What to produce
After locating the line with "Go Wild and" in the entries below, output it and each following line up to and including the line with "90s Light Wash", exactly and without pictures.

Records supplied
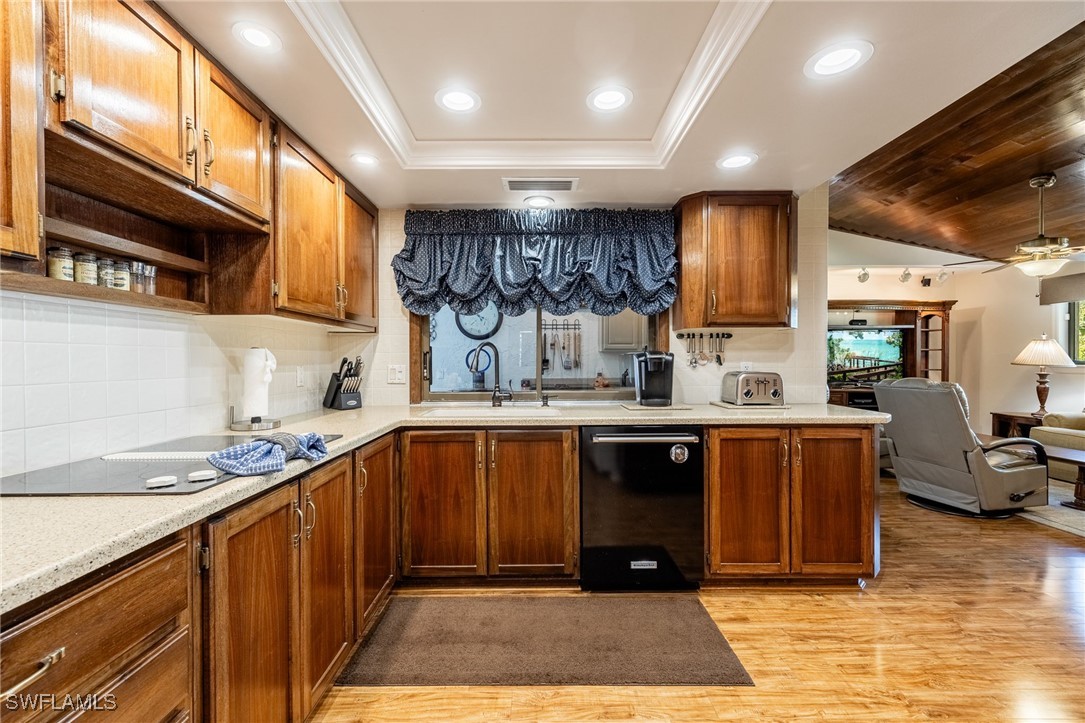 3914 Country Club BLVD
* * *
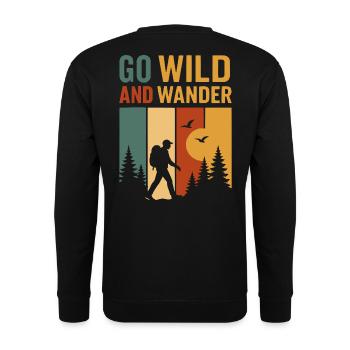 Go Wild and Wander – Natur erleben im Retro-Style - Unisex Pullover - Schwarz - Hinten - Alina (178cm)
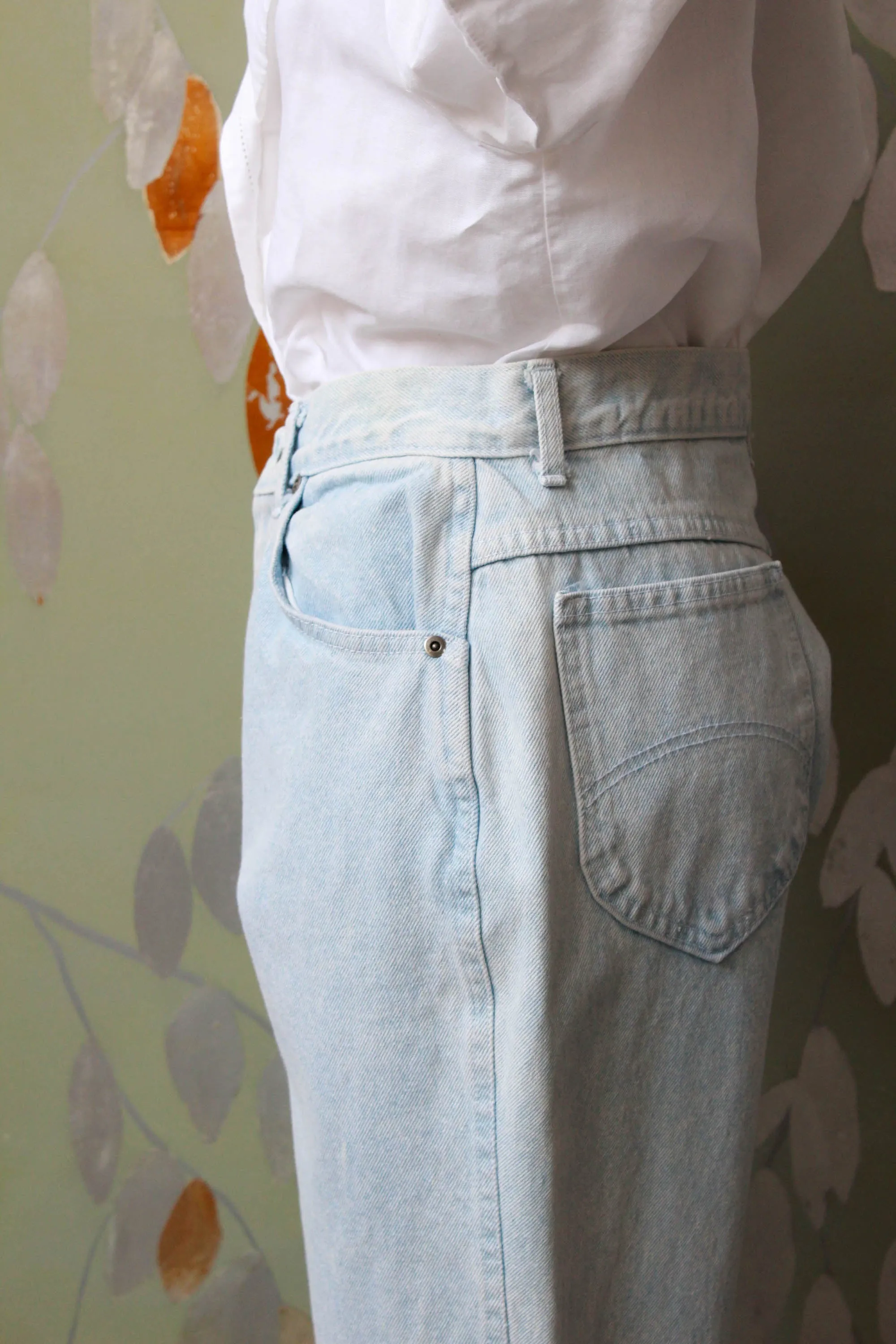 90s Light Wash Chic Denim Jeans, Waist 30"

Answer box
 Go Wild and Wander – Natur erleben im Retro-Style - Unisex Pullover - Schwarz - Hinten - Alina (178cm)
 90s Light Wash Chic Denim Jeans, Waist 30"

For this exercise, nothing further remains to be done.